### WORK ORDER
Lines from the one containing "Set collana e" through the last line of the data are to be returned exactly, both ends included, minus any pictures.

*** Begin section ***

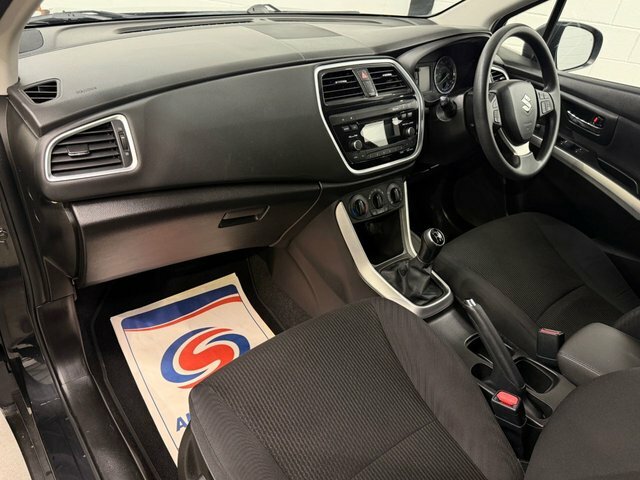 Suzuki SX4 S Cross Hatchback Black #32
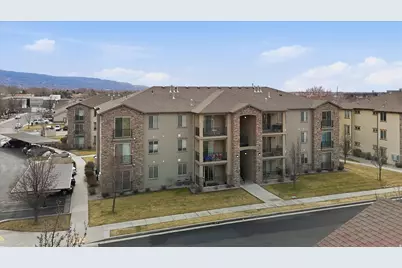 281 W 650 N #B, Centerville, UT 84014 - Photo 2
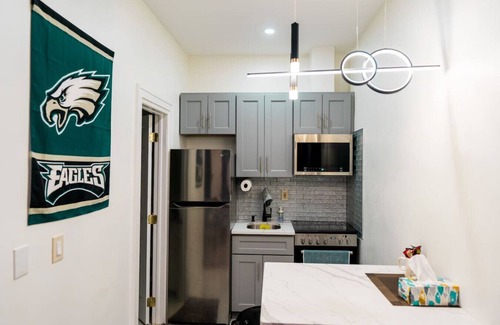 Graduate Hospital Apartment | New! Suite by Rittenhouse Square!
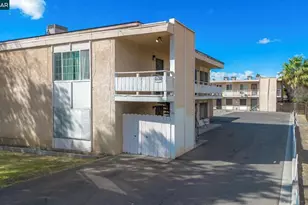 218 K St, Los Banos, CA 93635 - Photo 3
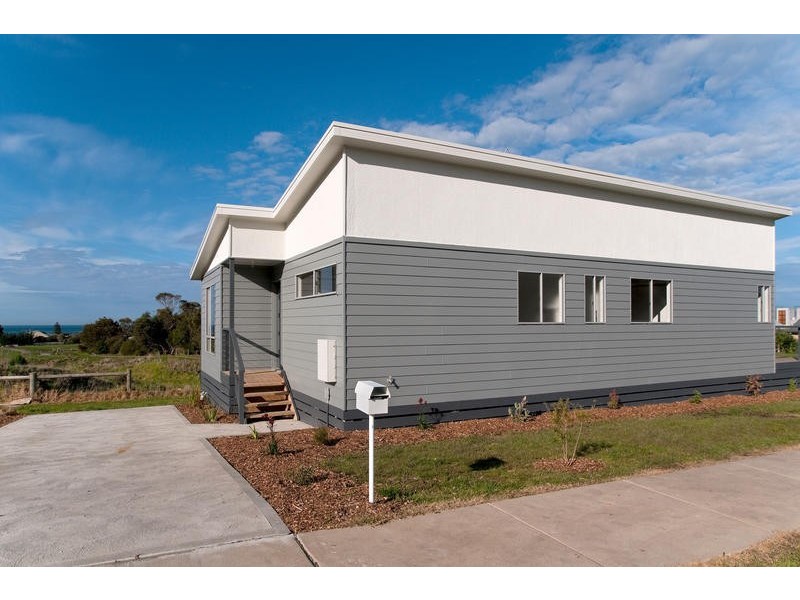 16 Seeberg Court, Apollo Bay VIC 3233
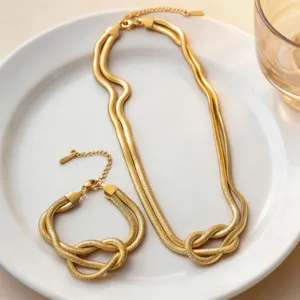 Set collana e bracciale con nodo in acciaio inossidabile dorato, gioiello geometrico.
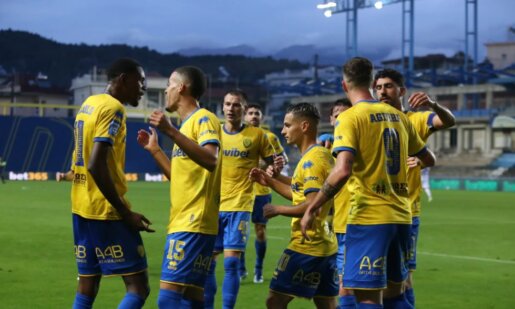 Τα πάνω-κάτω στη SL1 μιας και η βαθμολογία μετά το τέλος της 10ης Αγωνιστικής άλλη ομάδα στην κορυφή - Στην 9η θέση ο Παναιτωλικός, στο -1 από τις θέσεις 5 έως 8.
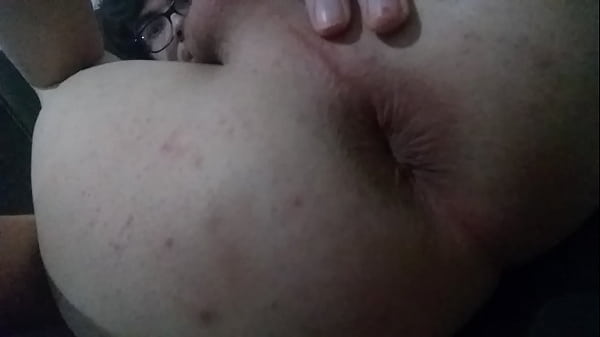 Nerd mostrando a bundinha querendo pika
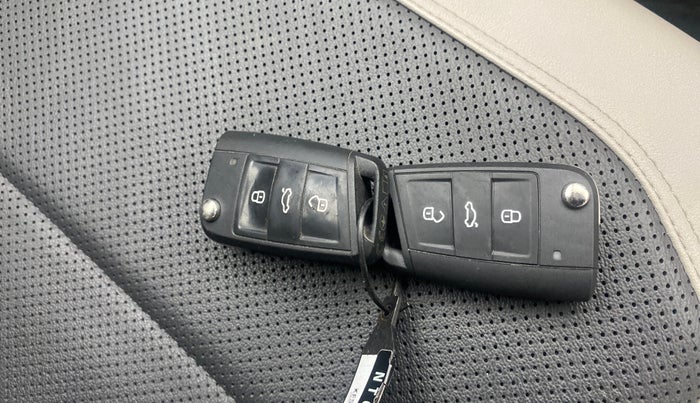 2022 Volkswagen TAIGUN TOPLINE 1.0 TSI AT, Petrol, Automatic, 44,181 km, Key Close Up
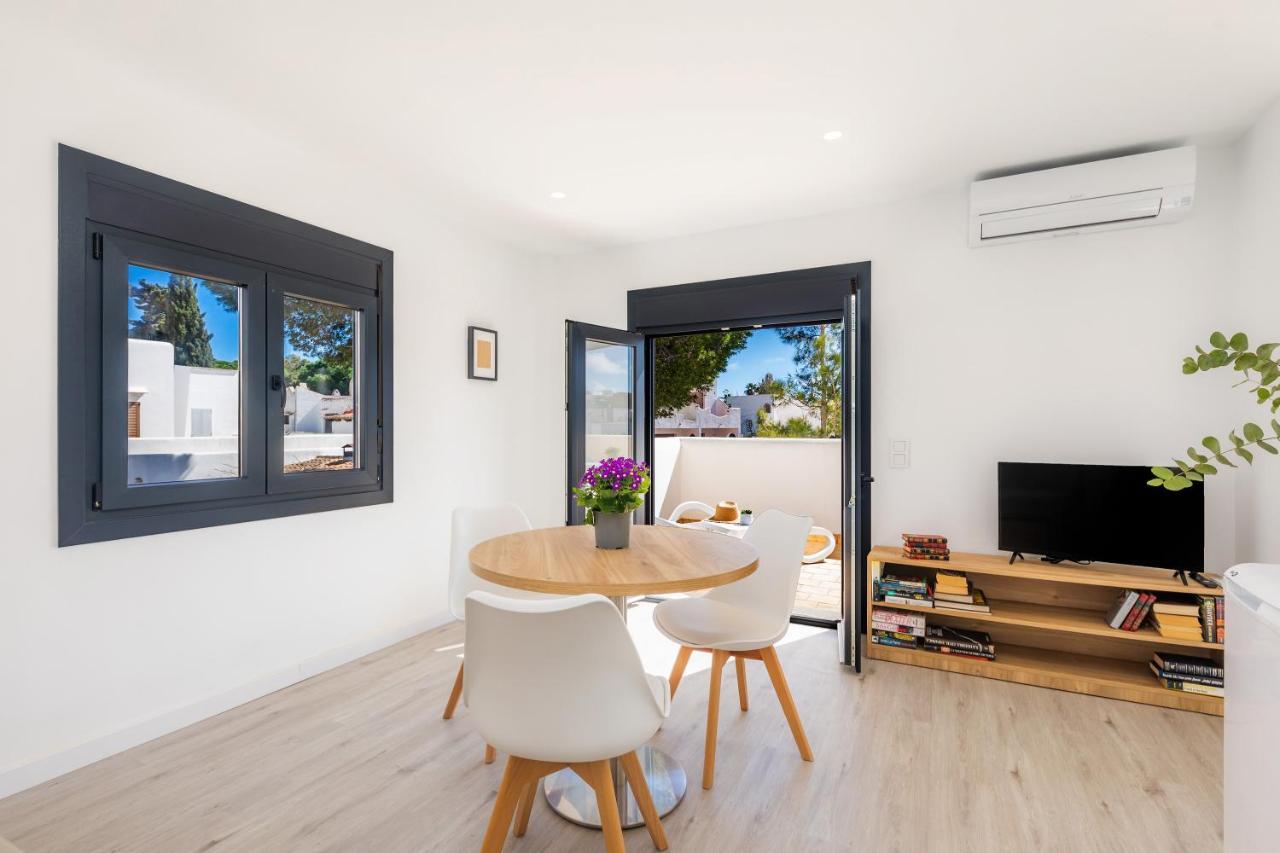 White 3 Apartment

*** End section ***

### TASK OUTPUT
 Set collana e bracciale con nodo in acciaio inossidabile dorato, gioiello geometrico.
 Τα πάνω-κάτω στη SL1 μιας και η βαθμολογία μετά το τέλος της 10ης Αγωνιστικής άλλη ομάδα στην κορυφή - Στην 9η θέση ο Παναιτωλικός, στο -1 από τις θέσεις 5 έως 8.
 Nerd mostrando a bundinha querendo pika
 2022 Volkswagen TAIGUN TOPLINE 1.0 TSI AT, Petrol, Automatic, 44,181 km, Key Close Up
 White 3 Apartment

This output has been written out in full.